If you have a good, conservative Vet that you trust, the only harm that most treatments can do is to reduce the size of your wallet.
This is a VERY old thread, and I do have experience, now.

1. There are different types of lasers, and the Vets use the ones that they prefer. I trusted my Vet, he was very conservative, AND I went to High School with him. When my 13yo Lab mix started having problems with his arthritis, we tried a few weeks of treatment. The first few treatments made a difference to make him more comfortable. However, after 3 mos, we stopped the laser treatment, b/c the cost didn't seem to justify the results, mobility was decreasing ... I can't tell if discomfort changed after we stopped. However, my Vet did tell me that sometimes it is a miracle, and sometimes it seems like snake oil ... you can't tell, and it depends on the the dog.

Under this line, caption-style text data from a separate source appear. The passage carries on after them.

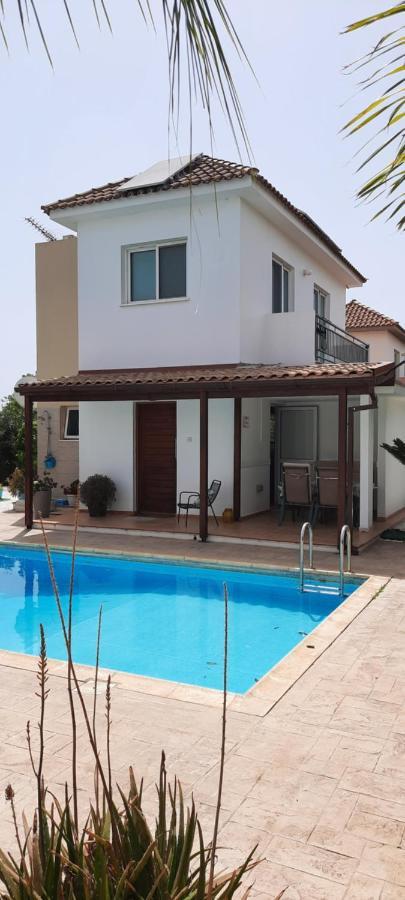 איה נאפה Villa Anastassia מראה חיצוני תמונה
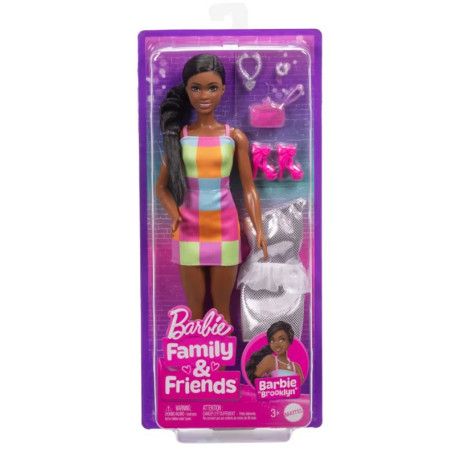 Barbiedocka Brooklyn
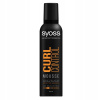Syoss Curl Control penové tužidlo 250 ml Syoss Curl Control penové tužidlo 250 ml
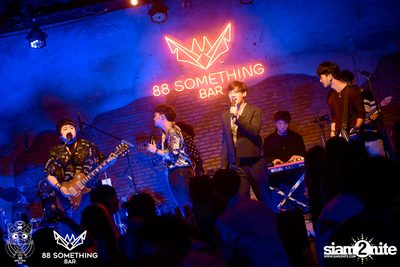 Season Five at 88 Something Bar — photo 53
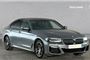 2022 BMW 5 Series 530e M Sport 4dr Auto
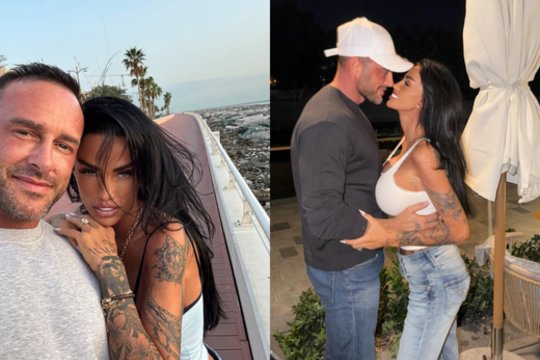 Dubajuje be žinios dingo Katie Price vyras: paskutinio skambučio detalės kelia šiurpą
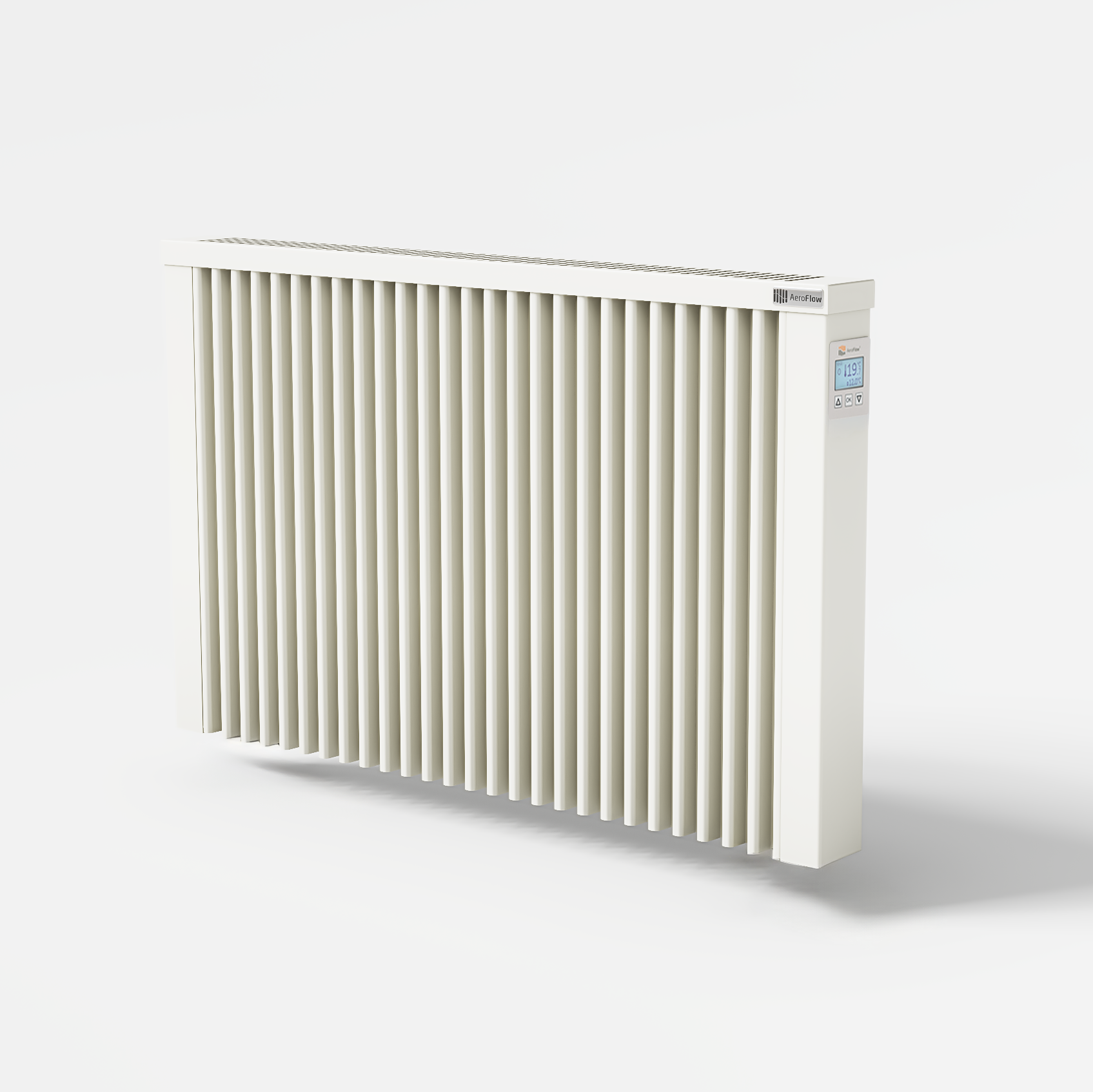 AeroFlow® Elektroheizung Compact Standard 1950 Watt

2. I never tried Acupuncture. So I have no opinion.

3. Whatever brand of Glucosamine that you use - I used Cosequin DS Plus, it will take about 30 days to get a loading dose. There is also an injectable that may help (you may be able to search the Forum or the Vet may know it). I don't think Glucosamine has side effects and that you can give double or triple doses w/o issues, if you think it is helping ... verify with your vet. It is expensive, and it doesn't always help.

4. We 'diagnosed' that my dog also had nerve degeneration. We didn't test, but based on observation that some of his symptoms and lack of mobility did not have associated pain, and his feet could flip under. Gabapentin helped with those symptoms, but it was a permanent prescription to reduce discomfort. A far as I know there was no way to stop nerve degeneration at that time.

5. Hydrotherapy may help.

6. If you know that your dog has arthritis, especially if he is a 100lb dog or is about 10yo, then he has probably been in pain for a few years ... That's just how they are. You can search the forum for various treatments, but a pain med similar to Rimadyl will help. There are many different types and options, and each Vet and each individual dog is going to be different. Nothing over the counter will provide the level of pain relief that meds will. In addition, I walked or let my dog hobble for 30 min. twice a day ... and he looked forward to that and for interactions with people ... I think the daily exercise helped significantly.

7. We titrated metacam, and it worked very well. But, liver numbers went up quickly. A young Vet suggested and stopped metacam, and an older Vet was not as concerned about the liver numbers for my specific dog. A short while later, we stopped the metacam when we diagnosed the nerve damage. I noticed more pain when we stopped.

8. I don't think my dog was suffering, but he was not comfortable when we finally euth'd him at 16yo. I don't think his pain was too bad, but the nerve degeneration decreased mobility, increased falling, and resulted in incontinence.

9. You can explore cetyl myristoleate ... some of the agility folks use it for younger dogs for joint issues. We tried it for a year, it takes a few months for a loading dose, and it helped at first, but eventually the benefits could not justify the cost.